What this task involves :: The lines from the one with "Cute Cats Ear" through the last line of the material below, copied exactly and free of pictures, make up the whole answer.

Top of Information provided

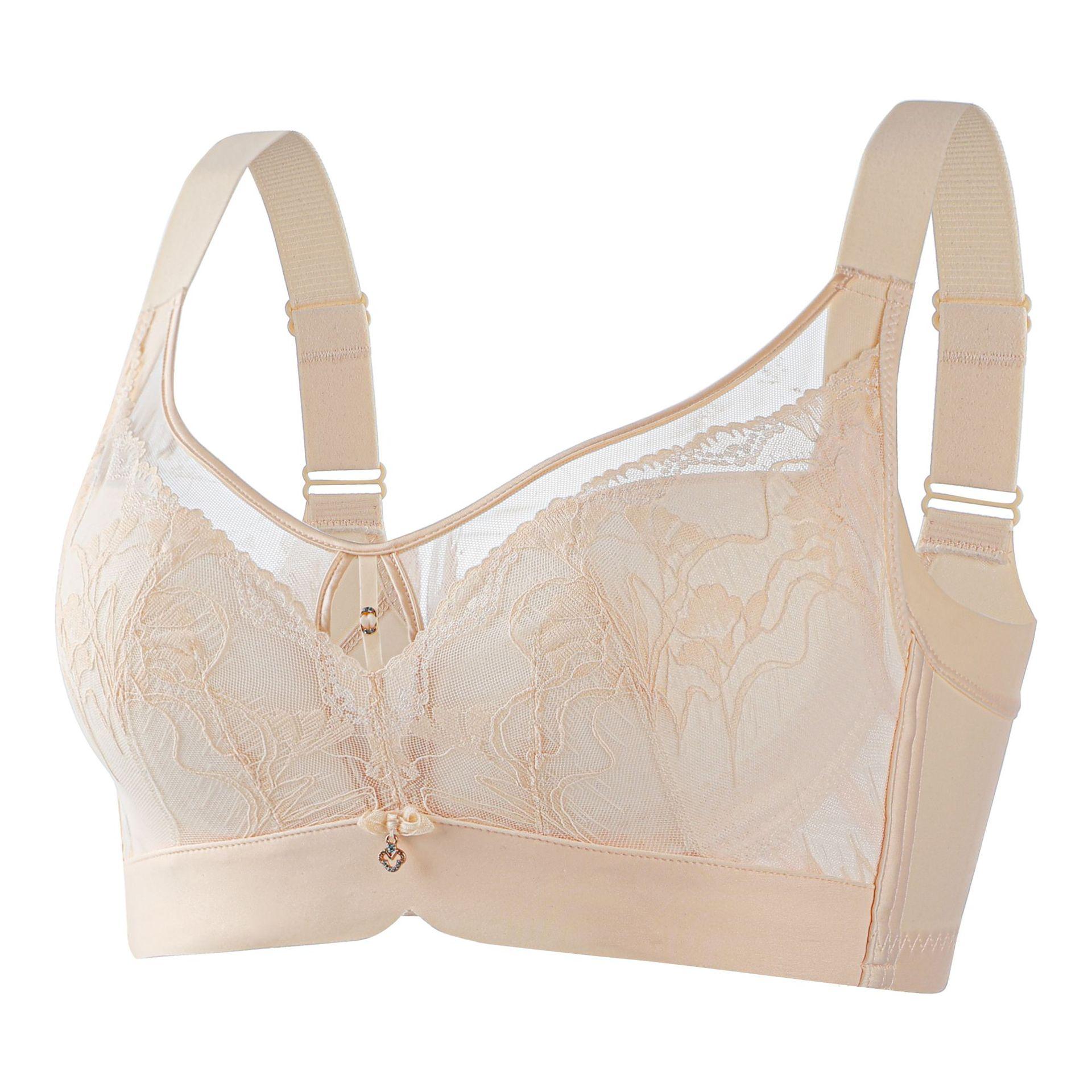 

French Lace Bra Women s Seamless Undergarment Thin Cup Breathable and Adjustable Bra Push Up Bra 42/95C бежевый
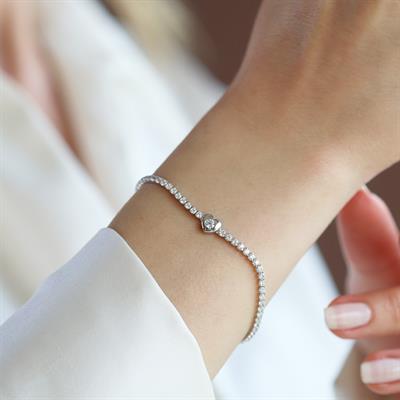 Kalp Su Yolu Gümüş Bileklik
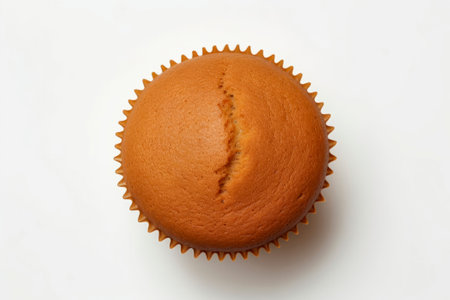 Delicious muffin dessert isolated on white beautifully presented on a rustic backdrop, exuding warmth.の素材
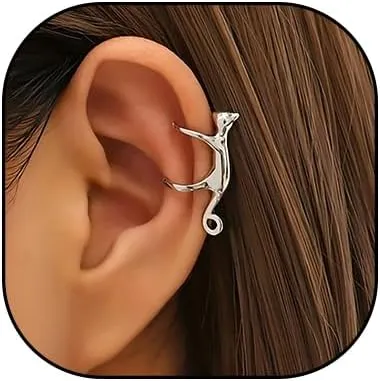 Cute Cats Ear Cuff Earrings for Women.Cat Animal Non Piercing Clip On Earrings Earring Gold Silver Ear Clip Earrings Cats Unique Earrings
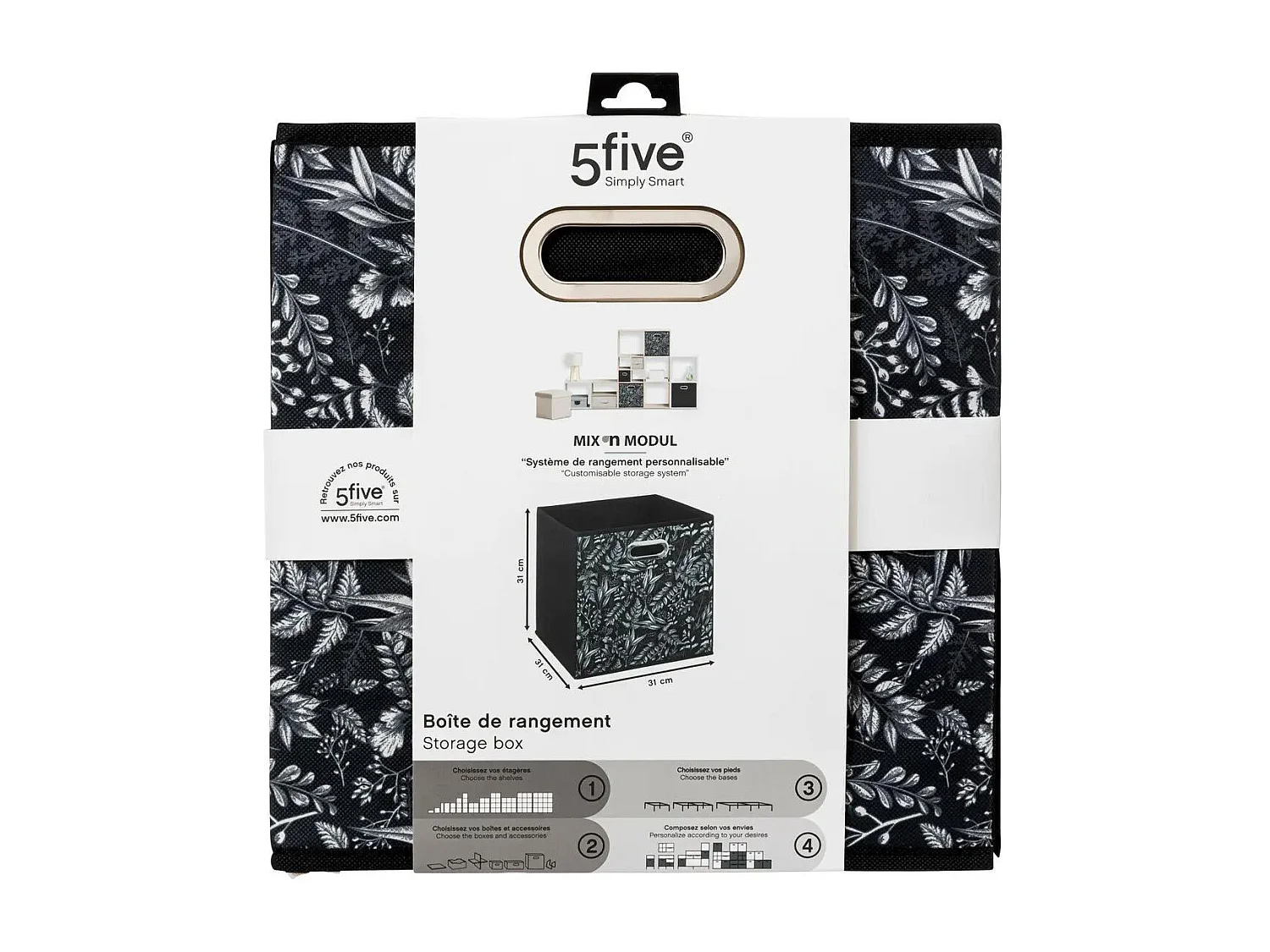 Boîte de rangement Noir avec déco 31 x 31 x 31 cm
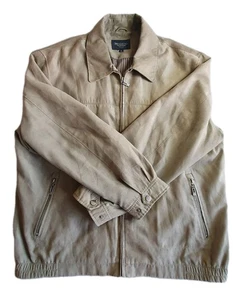 Bosideng Beige Faux Suede Mens Jacket Size XL Full Zip Soft Lined Pockets  - Picture 1 of 18
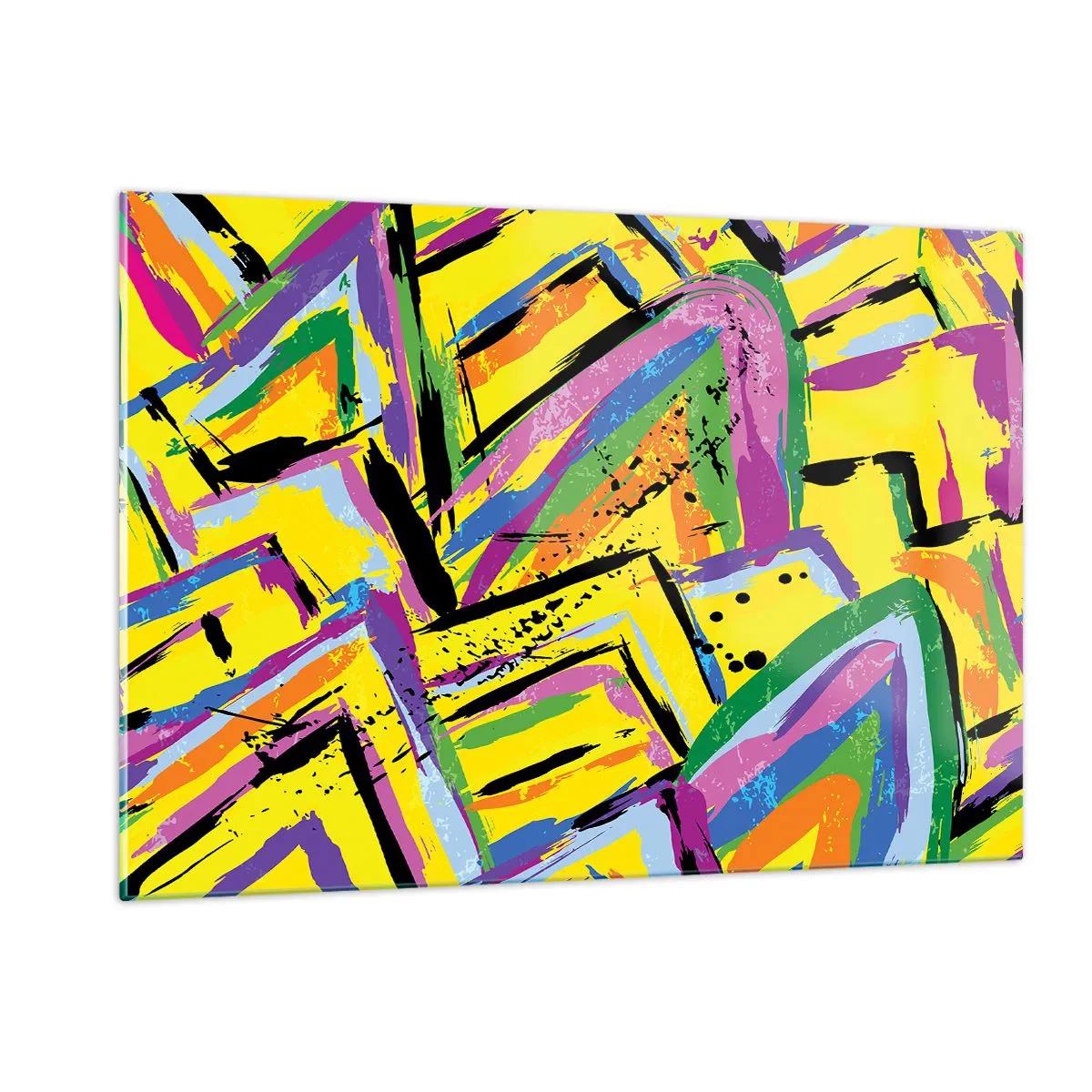 Impression sur verre - Image sur verre - Abstraction intense aux couleurs vives sur fond jaune - 120x80cm - Jusqu'à ce qu'il crie de joie - Décoration murale moderne pour le salon et la chambre ARTTOR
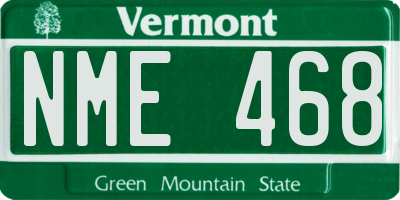 VT license plate NME468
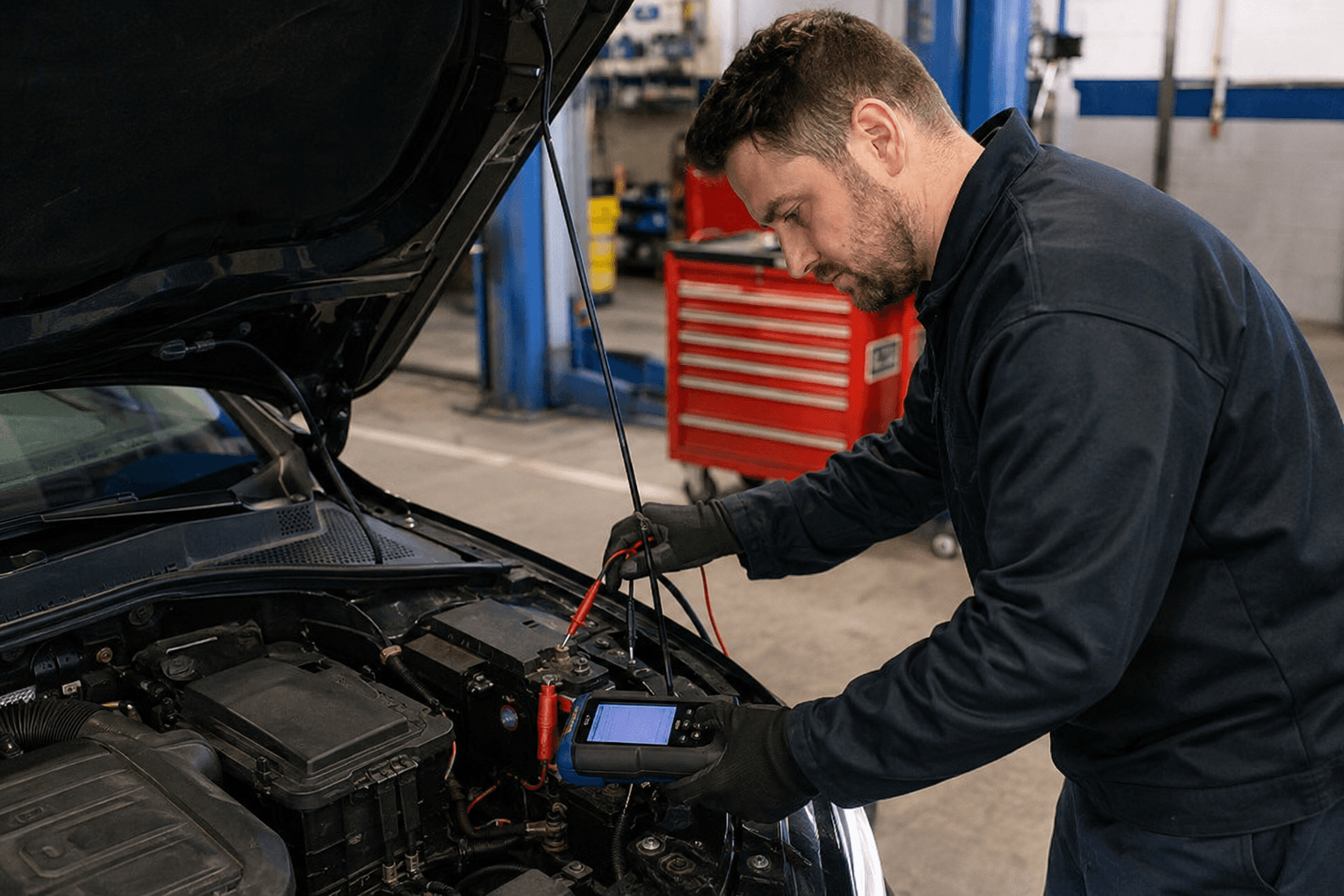 Technician carrying out electrical testing in a vehicle engine bay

Bottom of Information provided

Answer to the exercise ::
 Cute Cats Ear Cuff Earrings for Women.Cat Animal Non Piercing Clip On Earrings Earring Gold Silver Ear Clip Earrings Cats Unique Earrings
 Boîte de rangement Noir avec déco 31 x 31 x 31 cm
 Bosideng Beige Faux Suede Mens Jacket Size XL Full Zip Soft Lined Pockets  - Picture 1 of 18
 Impression sur verre - Image sur verre - Abstraction intense aux couleurs vives sur fond jaune - 120x80cm - Jusqu'à ce qu'il crie de joie - Décoration murale moderne pour le salon et la chambre ARTTOR
 VT license plate NME468
 Technician carrying out electrical testing in a vehicle engine bay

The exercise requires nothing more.